# what is this stuff?



## Benz_020 (Mar 3, 2008)

what is this stuff?

found it under a bunch of the leaves
pulled a leaf off and took pics.

dont have anythign but MTS in the tank.


----------



## drgold (Oct 22, 2006)

that's just part of the plant - it's on every java fern. 

nice pics, btw.


----------



## Benz_020 (Mar 3, 2008)

drgold said:


> that's just part of the plant - it's on every java fern.
> 
> nice pics, btw.


good, got me worried something was wrong.

pics:
thanks, i just cant get any full tank shots to come out clear.
dont know how to do everything on this new cam yet.


----------



## Benz_020 (Mar 3, 2008)

crap, just realized i posted this in the wrong section.

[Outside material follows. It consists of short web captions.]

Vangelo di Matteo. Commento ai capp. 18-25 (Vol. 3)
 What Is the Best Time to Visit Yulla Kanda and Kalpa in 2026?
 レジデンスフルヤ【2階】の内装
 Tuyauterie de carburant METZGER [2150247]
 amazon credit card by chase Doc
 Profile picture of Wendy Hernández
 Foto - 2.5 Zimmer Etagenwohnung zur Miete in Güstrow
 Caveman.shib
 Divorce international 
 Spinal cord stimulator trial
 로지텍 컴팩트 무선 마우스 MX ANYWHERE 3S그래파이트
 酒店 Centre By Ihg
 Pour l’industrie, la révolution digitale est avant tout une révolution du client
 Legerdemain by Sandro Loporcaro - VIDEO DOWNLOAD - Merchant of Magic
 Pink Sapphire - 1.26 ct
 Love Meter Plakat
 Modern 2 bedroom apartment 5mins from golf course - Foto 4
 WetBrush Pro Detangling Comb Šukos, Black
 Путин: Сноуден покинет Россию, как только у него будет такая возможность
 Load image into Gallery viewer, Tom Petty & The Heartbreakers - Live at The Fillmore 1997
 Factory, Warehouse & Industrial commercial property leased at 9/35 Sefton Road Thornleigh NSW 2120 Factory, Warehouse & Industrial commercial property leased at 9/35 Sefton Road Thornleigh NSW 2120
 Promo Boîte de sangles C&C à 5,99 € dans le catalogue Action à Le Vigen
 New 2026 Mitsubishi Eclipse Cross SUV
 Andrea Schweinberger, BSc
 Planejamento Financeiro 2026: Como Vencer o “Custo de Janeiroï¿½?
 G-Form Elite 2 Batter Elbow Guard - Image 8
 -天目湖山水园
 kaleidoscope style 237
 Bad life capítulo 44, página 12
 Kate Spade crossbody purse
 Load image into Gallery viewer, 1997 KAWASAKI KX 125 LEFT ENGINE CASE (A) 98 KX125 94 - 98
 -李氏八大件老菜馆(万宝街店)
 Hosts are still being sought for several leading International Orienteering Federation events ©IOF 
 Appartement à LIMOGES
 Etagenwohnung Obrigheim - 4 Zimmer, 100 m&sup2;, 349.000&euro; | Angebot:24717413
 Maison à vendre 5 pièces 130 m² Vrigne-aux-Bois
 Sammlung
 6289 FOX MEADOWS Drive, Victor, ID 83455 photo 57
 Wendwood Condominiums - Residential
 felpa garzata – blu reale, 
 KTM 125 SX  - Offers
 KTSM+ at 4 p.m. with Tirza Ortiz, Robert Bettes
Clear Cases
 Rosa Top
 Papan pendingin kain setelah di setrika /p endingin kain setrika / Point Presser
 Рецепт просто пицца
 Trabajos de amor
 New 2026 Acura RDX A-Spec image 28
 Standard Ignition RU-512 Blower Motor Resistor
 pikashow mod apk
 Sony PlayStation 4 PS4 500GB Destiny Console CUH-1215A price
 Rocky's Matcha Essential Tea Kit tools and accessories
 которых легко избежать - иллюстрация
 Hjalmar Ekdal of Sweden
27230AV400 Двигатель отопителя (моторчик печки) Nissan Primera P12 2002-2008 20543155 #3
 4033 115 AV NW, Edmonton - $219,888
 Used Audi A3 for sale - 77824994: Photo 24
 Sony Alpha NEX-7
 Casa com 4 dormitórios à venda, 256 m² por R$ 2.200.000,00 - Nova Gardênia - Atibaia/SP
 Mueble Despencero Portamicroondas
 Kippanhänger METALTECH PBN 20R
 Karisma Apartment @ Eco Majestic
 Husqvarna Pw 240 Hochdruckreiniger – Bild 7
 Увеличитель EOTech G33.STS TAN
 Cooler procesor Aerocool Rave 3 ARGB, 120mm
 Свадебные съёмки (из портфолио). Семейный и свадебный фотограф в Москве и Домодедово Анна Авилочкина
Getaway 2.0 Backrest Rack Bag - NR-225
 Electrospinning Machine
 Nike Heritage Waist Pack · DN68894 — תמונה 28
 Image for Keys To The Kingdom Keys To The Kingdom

was postign 2 threads at the same time. used the wrong window.


----------



## Cavan Allen (Jul 22, 2004)

They are sori.

http://en.wikipedia.org/wiki/Sori


----------



## D.C._United_Caps_Fan (Mar 11, 2008)

Cavan Allen said:


> They are sori.
> 
> http://en.wikipedia.org/wiki/Sori[/QUOTE
> 
> Yep! Or as more commonly called, spores. I believe that they are part of the fern's reproductive system. They are on most ferns.


----------